El Consejo de Ministros acaba de enviar a las Cortes la séptima reforma educativa de la democracia. Sólo cuenta con el apoyo del PP y, por supuesto, de la Conferencia Episcopal y los sectores más conservadores del partido que sustenta al Gobierno. Ni la inmensa mayoría de la comunidad educativa ni muchas comunidades autónomas ni la oposición respaldan una reforma que entienden ideologizada, conservadora y segregadora.

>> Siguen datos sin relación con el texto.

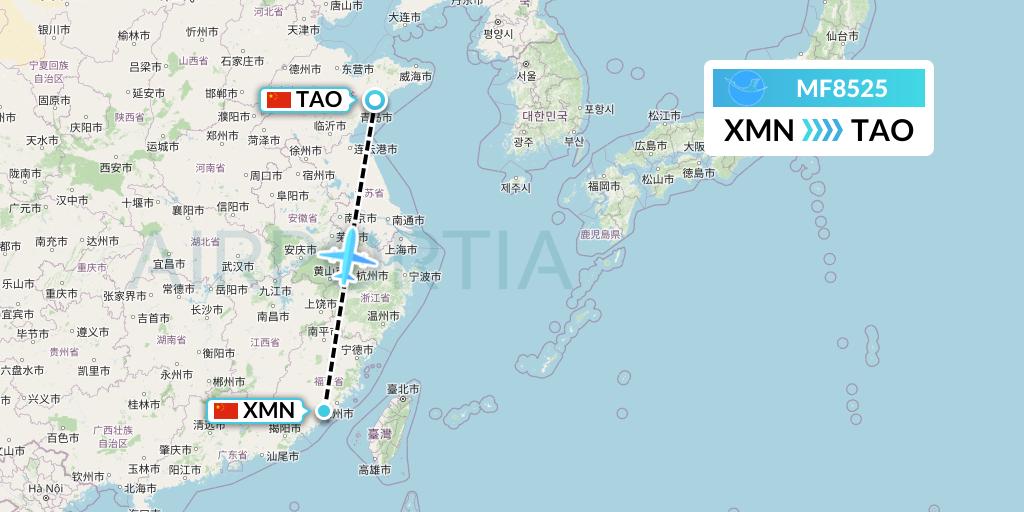 MF8525 Xiamen Airlines Flight Map: Xiamen to Qingdao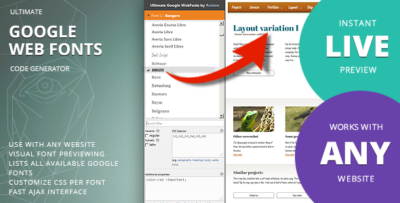 Ultimate Google Web Fonts - code generator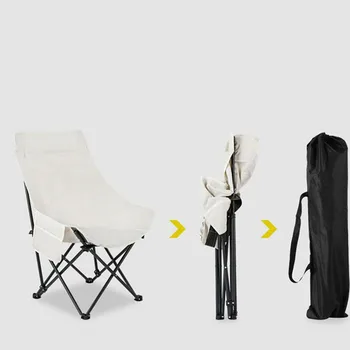 oversize durable high back tube leisure beach folding arm outdoor camping chair High Back folding Moon Chair Folding Portable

Las protestas y las llamadas al consenso para aprobar una reforma educativa con vocación de perdurabilidad y garantías de que no se volverá a cambiar en cuanto cambie también el color del gobierno, han sido ignoradas por quien se ampara en la mayoría parlamentaria y difunde la falaz consigna de que quien no está de acuerdo con los cambios es que no quiere que haya cambios de ningún tipo, lo cual es sencillamente mentira.

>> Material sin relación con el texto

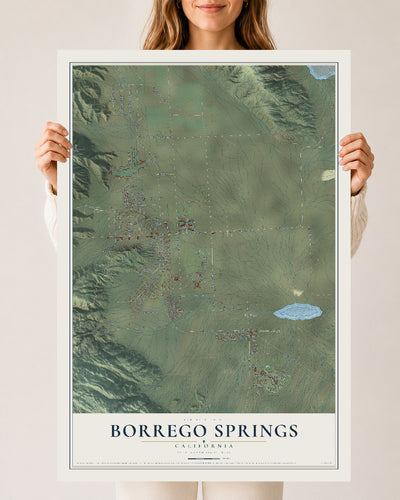 Map of Borrego Springs, California, 24 x 36 inch unframed archival matte print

Que la España democrática esté a punto de aprobar sin apenas respaldo social su séptima reforma educativa en poco más de 30 años, habla con elocuencia del uso de la educación como arma política y no como herramienta estable y útil para la mejora continua de los ciudadanos, particularmente de las nuevas generaciones, en todos los ámbitos: humano, social, cultural y económico. Con esta reforma, el ministro Wert emula a su compañero de gabinete Ruiz-Gallardón en sus intenciones sobre el aborto y nos retrotrae no menos de tres décadas en materia educativa.


Desaparece Educación para la Ciudadanía y en su lugar se implanta una nebulosa asignatura de “valores sociales”; se vuelve a las clases de religión católica con nota computable para la beca; en contra de la jurisprudencia del Tribunal Supremo se subvenciona con dinero público a los centros religiosos concertados que segregan a sus alumnos por sexo; se imponen reválidas al final de cada ciclo que expulsará del sistema a quienes no las superen; se abre de par en par la puerta a que los alumnos con menos recursos económicos se queden por el camino; se vacían de poder las comunidades educativas de los centros (profesores y padres); se tensa la cuerda con las comunidades con lengua cooficial y se recorta su autonomía en el establecimiento de los contenidos educativos.

No hay que ser demasiado perspicaz para comprender que detrás de estas medidas está la mal disimulada voluntad del Gobierno de devolverle a la Iglesia católica parte de la influencia social que ha ido perdiendo en una sociedad cada vez más secularizada y satisfacer a los sectores de la derecha más ortodoxa que añoran la España “una, grande y libre”. Salvo que se retire para su negociación o al menos se modifique sustancialmente en el trámite parlamentario para que cuente con el máximo consenso político y social posible – algo muy poco probable por no decir ilusorio – la reforma Wert nacerá con fecha de caducidad y no pasará seguramente mucho tiempo – tal vez en la próxima legislatura o en la otra - antes de que este país esté de nuevo dándole vueltas a la octava reforma educativa de la democracia.